Yes we can, indemnify giant corporations, escalate the ‘war on terror’, continue the occupation of Iraq, drill offshore for oil, trample on the Constitution, expand the faith based initiatives program, and increase our reliance on nuclear power. If Barack Obama has proven anything to progressives with all his hot air, sloganeering, and bluster it isn’t that progressives should offer up their vote to his candidacy, it’s that progressives should be largely indifferent to whoever the two corporate parties put up for election to the presidency.

The all things to all people image that Obama has so assiduously crafted, should serve as a red flag to all serious progressives, that this sharp and calculating politician doesn’t let ‘the little things’ such as ideology or core beliefs put a stop to him. I’ve really felt let down by people I once respected such as Michael Moore, Katrina vanden Heuval and Arianna Huffington in their choosing to carry water for Obama’s candidacy.

Obama represents nothing more than the lesser of two great evils.
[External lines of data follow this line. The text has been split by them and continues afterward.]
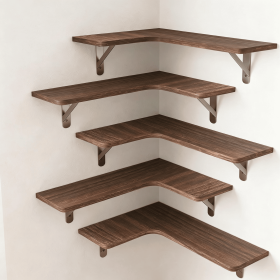 Corner Floating Shelves Set of 5, Rustic Wood Wall Shelves with Triangle Brackets, L-Shaped Corner Shelf for Bedroom Living Room Bathroom (default: 1)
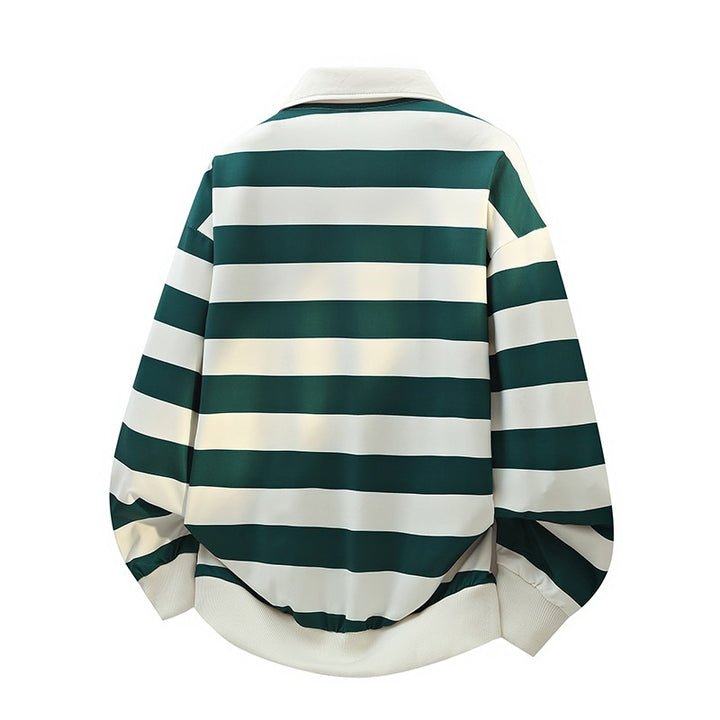 Herren Gestreiftes Oversize Rugby-Polo mit Kontrastkragen und Rippbündchen Drune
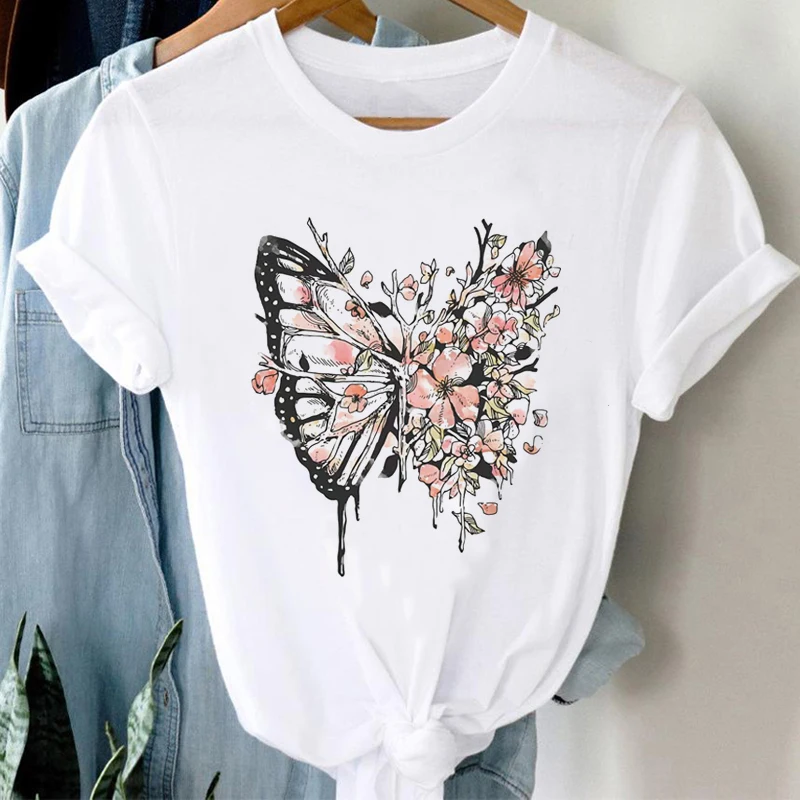 

Women Tshirt Flower Butterfly Cartoon Printing Fashion T Shirt female Clothes Summer Short sleeve Graphic Ladies T-shirt Tops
McCain may be a far more sinister, diabolical one, but both are evils just the same.

What Obama has clarified, if anything, is that progressives should no longer have any illusions about what the Democratic Party is going to offer up for the presidency. A militaristic, neoliberal, opportunistic, and compromised sort of ‘leader’. The futility of voting has never been more apparent, than it is at the present moment (and as Howard Zinn points out eloquently in this article it takes all of two minutes anyway).

The task at hand for progressives should be to build a movement outside of the two major parties that will challenge the levers of power to serve the needs of the poor, people of color, all minority groups, and the working class. The movement may or may not need a leader (I’m always skeptical of them), but we need a movement that advances a wide ranging progressive platform, and that represents millions of people.

I don’t want to suggest that anyone should not set aside his or her two minutes for voting, but I am suggesting that progressives not get tangled up in the McCain, Obama horse race aspect of the story. Instead, progressives need to get to the work of building a movement to challenge to the two major corporate sell out parties.

If the ‘progressive movement’ and the Democratic Party become inextricably tethered, the political system will continue to reproduce all of the despicable things that progressives hate. Militarism, degradation of the Earth, infringement of civil liberties, neoliberal social policy, and inequitable treatment for women, people of color and lesbians and gays.

Additionally, we’ll see the continued prominence of religion in the political sphere, and the further unraveling of the America we’ve known and loved, into a permanent neoliberal dystopia.